Vous avez été nommé évêque de Bayeux-Lisieux en mai 2010, quel regard portez-vous sur ces années écoulées ?
J’étais au Sanctuaire d’Ars quand le nonce apostolique m’a appelé pour m’annoncer que le Pape Benoît XVI me nommait évêque de Bayeux-Lisieux. Je n’ai pas hésité un instant même s’il était douloureux de quitter le diocèse de Séez. Pendant les deux premières années, j’ai consacré mes semaines à visiter les 51 paroisses du diocèse en rencontrant les prêtres, les collaborateurs, les mouvements et les communautés religieuses. Aujourd’hui encore, j’essaie de découvrir humblement les réalités du diocèse qui sont très diverses, regroupant aussi bien l’agglomération caennaise que des zones rurales composées du Pays d’Auge, du Bessin ou du Bocage Virois. Le diocèse a aussi la spécificité d’avoir deux cathédrales à Bayeux et à Lisieux ainsi qu’un sanctuaire.
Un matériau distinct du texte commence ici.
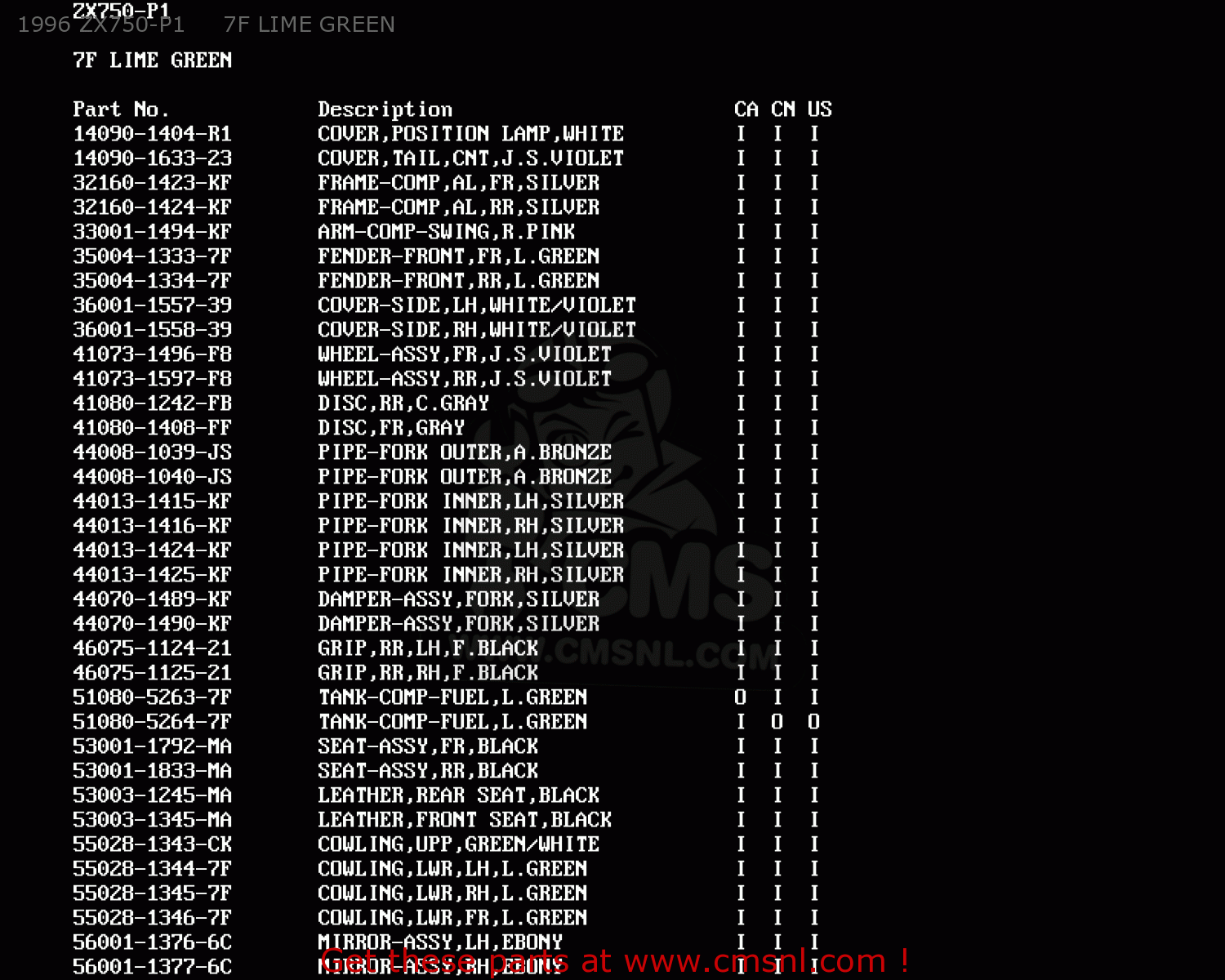1996 ZX750-P1     7F LIME GREEN ZX750P4 NINJA ZX7R 1999 USA CALIFORNIA CANADA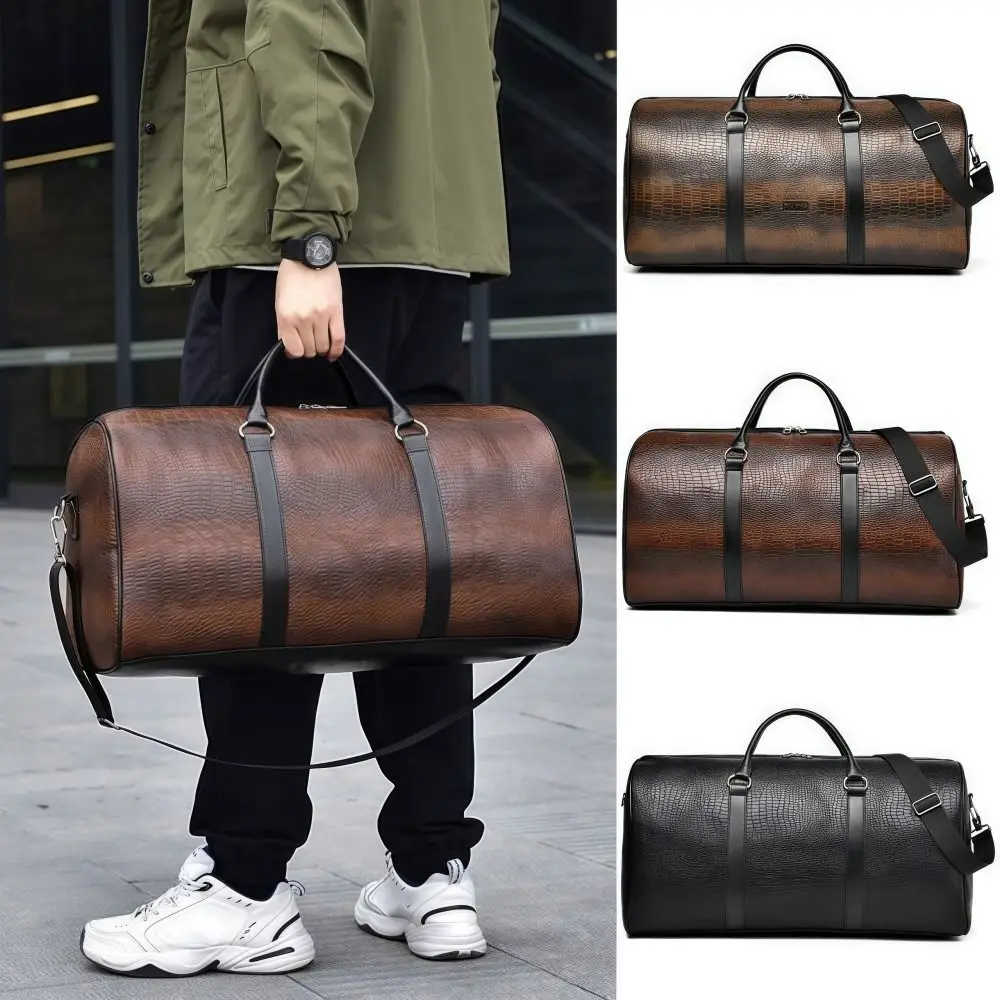 Crocodile-Textured Travel Duffel Bag Retro PU Leather Vacation Luggage Durable Large Capacity Business Trip Handbag Men Women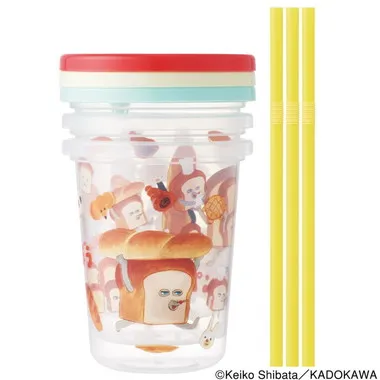 【メーカー取寄】ＳＩＨ３ＳＴ ストロー付タンブラー３個　パンどろぼう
Après deux ans de visite pastorale, vous avez lancé « Cap 2012 », un chantier qui a fixé pour 5 ans les orientations diocésaines jusqu’en 2017. Quels axes de travail avez-vous mis en place ? Quel bilan faites-vous ?
La démarche « Cap 2012 » a fixé les priorités du diocèse des cinq dernières années. Nous avons mis en place les orientations diocésaines pastorales à travers une assemblée synodale d’environ 250 fidèles issus de paroisses ou de services. De cette concertation a découlé une feuille de route basée sur cinq chantiers parmi lesquels la transmission de la foi, la place des plus pauvres ou l’évangélisation des jeunes.
La réorganisation du diocèse a commencé par la création de 10 pôles missionnaires. Des pôles qui regroupent les 51 paroisses du diocèse. Quelles sont leurs fonctions et leurs exigences ?
Le périmètre de la paroisse est aujourd’hui trop limité. En accord avec le conseil épiscopal et les prêtres du diocèse, nous avons regroupé les paroisses en dix pôles missionnaires. Les prêtres, tout en restant curé de leur paroisse, sont à la tête d’un pôle. Par exemple, à Vire, ils se retrouvent une fois par semaine pour prier, déjeuner, et partager sur les problématiques de la vie pastorale. Ils ont mutualisé leurs forces pour la préparation au mariage ou les funérailles.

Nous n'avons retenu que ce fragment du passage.